Description of the task: Which lines of the entries below run from the one holding "Found/Stray Male Dog" to the one holding "грибы Psilocybine cubensis", inclusive? Set down exactly those lines and no others.

'''

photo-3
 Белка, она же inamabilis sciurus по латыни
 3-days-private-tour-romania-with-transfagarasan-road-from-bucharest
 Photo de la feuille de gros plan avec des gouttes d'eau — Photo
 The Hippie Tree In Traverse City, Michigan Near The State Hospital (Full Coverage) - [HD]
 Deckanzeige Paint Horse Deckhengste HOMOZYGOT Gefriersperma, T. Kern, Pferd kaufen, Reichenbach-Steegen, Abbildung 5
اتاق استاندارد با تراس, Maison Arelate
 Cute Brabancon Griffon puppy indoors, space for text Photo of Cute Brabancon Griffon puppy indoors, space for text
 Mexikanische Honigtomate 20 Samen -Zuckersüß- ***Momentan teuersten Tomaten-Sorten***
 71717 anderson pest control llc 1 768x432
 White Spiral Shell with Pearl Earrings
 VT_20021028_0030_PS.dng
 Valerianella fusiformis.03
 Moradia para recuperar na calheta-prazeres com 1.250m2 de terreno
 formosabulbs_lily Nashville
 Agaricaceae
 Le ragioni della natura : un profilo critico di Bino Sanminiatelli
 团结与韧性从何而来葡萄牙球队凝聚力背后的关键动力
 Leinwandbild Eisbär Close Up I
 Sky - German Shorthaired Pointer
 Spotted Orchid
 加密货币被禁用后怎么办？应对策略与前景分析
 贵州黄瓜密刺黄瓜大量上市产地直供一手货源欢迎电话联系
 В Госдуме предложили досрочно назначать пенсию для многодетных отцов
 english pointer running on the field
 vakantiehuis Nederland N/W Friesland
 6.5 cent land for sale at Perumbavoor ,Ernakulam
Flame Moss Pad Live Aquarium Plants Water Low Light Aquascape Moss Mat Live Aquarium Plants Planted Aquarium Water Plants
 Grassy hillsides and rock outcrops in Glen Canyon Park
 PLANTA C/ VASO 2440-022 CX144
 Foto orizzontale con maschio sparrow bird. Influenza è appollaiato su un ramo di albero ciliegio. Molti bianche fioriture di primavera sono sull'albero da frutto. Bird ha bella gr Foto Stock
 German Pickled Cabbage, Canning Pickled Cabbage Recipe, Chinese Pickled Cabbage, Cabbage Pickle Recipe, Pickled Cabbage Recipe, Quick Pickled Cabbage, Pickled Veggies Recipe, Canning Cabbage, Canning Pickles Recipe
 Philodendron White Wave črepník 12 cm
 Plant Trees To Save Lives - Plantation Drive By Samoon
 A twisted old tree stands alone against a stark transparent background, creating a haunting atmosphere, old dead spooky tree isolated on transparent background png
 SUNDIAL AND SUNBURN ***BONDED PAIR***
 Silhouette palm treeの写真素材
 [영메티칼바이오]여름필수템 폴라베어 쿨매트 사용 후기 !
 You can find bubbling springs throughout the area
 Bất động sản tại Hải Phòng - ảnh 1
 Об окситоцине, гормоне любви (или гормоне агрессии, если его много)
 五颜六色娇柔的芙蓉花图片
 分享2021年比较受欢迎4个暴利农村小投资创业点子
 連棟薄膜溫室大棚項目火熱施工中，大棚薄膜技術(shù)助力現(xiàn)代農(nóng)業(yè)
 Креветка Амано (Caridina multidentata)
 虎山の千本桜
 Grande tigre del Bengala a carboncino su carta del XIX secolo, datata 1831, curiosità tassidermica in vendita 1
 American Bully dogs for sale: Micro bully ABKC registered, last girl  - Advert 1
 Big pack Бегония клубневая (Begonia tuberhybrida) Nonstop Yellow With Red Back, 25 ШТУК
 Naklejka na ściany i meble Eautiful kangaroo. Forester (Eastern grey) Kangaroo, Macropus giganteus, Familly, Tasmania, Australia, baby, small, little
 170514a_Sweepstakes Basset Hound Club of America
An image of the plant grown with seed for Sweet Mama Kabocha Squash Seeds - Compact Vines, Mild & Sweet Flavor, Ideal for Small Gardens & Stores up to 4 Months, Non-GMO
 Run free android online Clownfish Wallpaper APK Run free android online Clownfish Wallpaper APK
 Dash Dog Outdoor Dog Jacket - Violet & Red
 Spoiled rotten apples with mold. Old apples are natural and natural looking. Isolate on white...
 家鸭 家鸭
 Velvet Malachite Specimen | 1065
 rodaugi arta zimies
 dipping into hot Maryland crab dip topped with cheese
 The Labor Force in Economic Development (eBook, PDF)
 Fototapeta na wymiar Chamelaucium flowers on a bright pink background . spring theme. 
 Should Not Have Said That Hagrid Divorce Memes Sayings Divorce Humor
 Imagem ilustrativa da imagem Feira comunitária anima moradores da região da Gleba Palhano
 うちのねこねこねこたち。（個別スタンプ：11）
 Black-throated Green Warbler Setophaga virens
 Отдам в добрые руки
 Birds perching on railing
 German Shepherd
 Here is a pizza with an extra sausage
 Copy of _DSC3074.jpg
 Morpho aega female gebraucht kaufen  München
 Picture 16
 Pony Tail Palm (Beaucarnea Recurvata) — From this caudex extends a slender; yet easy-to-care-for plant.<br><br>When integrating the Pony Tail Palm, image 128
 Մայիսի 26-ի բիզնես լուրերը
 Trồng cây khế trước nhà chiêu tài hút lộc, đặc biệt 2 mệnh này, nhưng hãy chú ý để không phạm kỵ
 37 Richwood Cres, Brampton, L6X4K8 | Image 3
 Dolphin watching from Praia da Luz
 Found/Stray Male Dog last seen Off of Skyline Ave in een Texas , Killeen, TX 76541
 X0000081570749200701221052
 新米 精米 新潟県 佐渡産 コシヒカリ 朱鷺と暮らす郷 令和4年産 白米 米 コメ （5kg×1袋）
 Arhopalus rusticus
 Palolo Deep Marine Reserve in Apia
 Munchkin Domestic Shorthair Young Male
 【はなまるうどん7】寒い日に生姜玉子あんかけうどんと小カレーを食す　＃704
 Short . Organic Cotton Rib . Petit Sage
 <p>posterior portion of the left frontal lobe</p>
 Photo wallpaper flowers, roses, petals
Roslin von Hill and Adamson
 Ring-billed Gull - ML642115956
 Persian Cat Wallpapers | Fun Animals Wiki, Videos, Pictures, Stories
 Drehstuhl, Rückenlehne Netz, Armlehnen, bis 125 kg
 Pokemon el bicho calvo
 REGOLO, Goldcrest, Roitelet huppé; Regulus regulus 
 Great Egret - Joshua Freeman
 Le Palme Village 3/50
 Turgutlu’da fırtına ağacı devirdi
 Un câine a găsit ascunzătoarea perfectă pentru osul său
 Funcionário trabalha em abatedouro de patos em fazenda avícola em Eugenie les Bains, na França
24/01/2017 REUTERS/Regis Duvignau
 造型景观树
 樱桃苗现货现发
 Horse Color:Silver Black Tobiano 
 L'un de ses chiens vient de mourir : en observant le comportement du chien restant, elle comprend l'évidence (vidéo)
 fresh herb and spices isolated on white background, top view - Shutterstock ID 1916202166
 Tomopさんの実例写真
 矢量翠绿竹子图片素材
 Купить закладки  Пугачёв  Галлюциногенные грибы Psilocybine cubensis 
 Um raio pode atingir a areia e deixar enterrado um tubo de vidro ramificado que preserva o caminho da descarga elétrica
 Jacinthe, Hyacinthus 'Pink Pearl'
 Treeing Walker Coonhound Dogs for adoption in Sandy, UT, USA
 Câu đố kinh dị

'''

The answer:
 Found/Stray Male Dog last seen Off of Skyline Ave in een Texas , Killeen, TX 76541
 X0000081570749200701221052
 新米 精米 新潟県 佐渡産 コシヒカリ 朱鷺と暮らす郷 令和4年産 白米 米 コメ （5kg×1袋）
 Arhopalus rusticus
 Palolo Deep Marine Reserve in Apia
 Munchkin Domestic Shorthair Young Male
 【はなまるうどん7】寒い日に生姜玉子あんかけうどんと小カレーを食す　＃704
 Short . Organic Cotton Rib . Petit Sage
 <p>posterior portion of the left frontal lobe</p>
 Photo wallpaper flowers, roses, petals
Roslin von Hill and Adamson
 Ring-billed Gull - ML642115956
 Persian Cat Wallpapers | Fun Animals Wiki, Videos, Pictures, Stories
 Drehstuhl, Rückenlehne Netz, Armlehnen, bis 125 kg
 Pokemon el bicho calvo
 REGOLO, Goldcrest, Roitelet huppé; Regulus regulus 
 Great Egret - Joshua Freeman
 Le Palme Village 3/50
 Turgutlu’da fırtına ağacı devirdi
 Un câine a găsit ascunzătoarea perfectă pentru osul său
 Funcionário trabalha em abatedouro de patos em fazenda avícola em Eugenie les Bains, na França
24/01/2017 REUTERS/Regis Duvignau
 造型景观树
 樱桃苗现货现发
 Horse Color:Silver Black Tobiano 
 L'un de ses chiens vient de mourir : en observant le comportement du chien restant, elle comprend l'évidence (vidéo)
 fresh herb and spices isolated on white background, top view - Shutterstock ID 1916202166
 Tomopさんの実例写真
 矢量翠绿竹子图片素材
 Купить закладки  Пугачёв  Галлюциногенные грибы Psilocybine cubensis 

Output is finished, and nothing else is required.